Il record di interventi fa emergere lo stress straordinario dei lettighieri e la sofferenza che ha attraversato, in momenti diversi, le varie province. E la doppia velocità di azione del virus negli ultimi tre mesi, feroce fino ai primi di aprile e da allora meno violento, ma che in 90 giorni ha richiesto il soccorso di circa 60 mila ambulanze. Le uscite "per motivi respiratori o infettivo" fotografano appunto l'evoluzione del Covid-19 e del suo impatto nelle vite di tutti. Dal 21 febbraio, quando scoppiò l'emergenza con il primo focolaio a Codogno, a oggi, i grafici sull'attività del 118 mostrano l'aggressività del coronavirus nelle varie zone. È da queste curve che si vede che agli inizi dell'epidemia e fino a fine febbraio, gli interventi delle ambulanze per problemi respiratori crescono un po' dovunque. In particolare a Milano e a Monza, a Bergamo e a Brescia e nel Pavese che è l'agenzia regionale di emergenza di riferimento per il Lodigiano, prima area rossa di tutta Italia. "Il primo mese è stato massacrante, i primi giorni eravamo tutti disorientati - aggiunge Canevari - la situazione superava le capacità di qualsiasi sistema. E poi riuscire a portare i pazienti in ospedale ma erano saturi, la coda delle ambulanze. Gli operatori erano molto provati. Anche ora quando usciamo per un incidente non abbiamo certezze su chi soccorriamo, se sia contagiato o meno. Quindi continuiamo a uscire bardati, la situazione continua a condizionarci molto".

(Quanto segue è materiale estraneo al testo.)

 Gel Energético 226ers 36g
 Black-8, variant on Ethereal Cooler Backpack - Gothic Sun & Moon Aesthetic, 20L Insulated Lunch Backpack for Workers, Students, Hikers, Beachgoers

Da fine febbraio si vede poi che c'è una curva nei grafici che stacca le altre. È quella della Bergamasca e del Bresciano, della Val Seriana e di Alzano Lombardo con le centinaia di contagiati nelle loro case. Per tutto il mese di marzo il dramma sanitario e umano si consuma principalmente qui. Poi il 30 marzo la sofferenza maggiore si sposta gradualmente altrove, a Milano e nella Brianza dove quel giorno le ambulanze sono intervenute 350 volte per sospetti contagiati contro i 342 di Bergamo. Il sorpasso avviene e si consolida nel tempo: da allora gli interventi del 118 nel Milanese sono sempre stati il numero più alto di tutta la Lombardia, fino a oggi. Numeri, va detto, lontani dalle oltre 1.500 ambulanze che uscivano in un giorno solo a marzo, se si considerano tutte e quattro le Areu della Regione. Ma comunque ancora significativi. Il 2 aprile 363 persone sono state soccorse dall'ambulanza nel Milanese, numeri che nel tempo sono scesi ma che solo a Milano rimangono tutt'oggi ancora a tripla cifra.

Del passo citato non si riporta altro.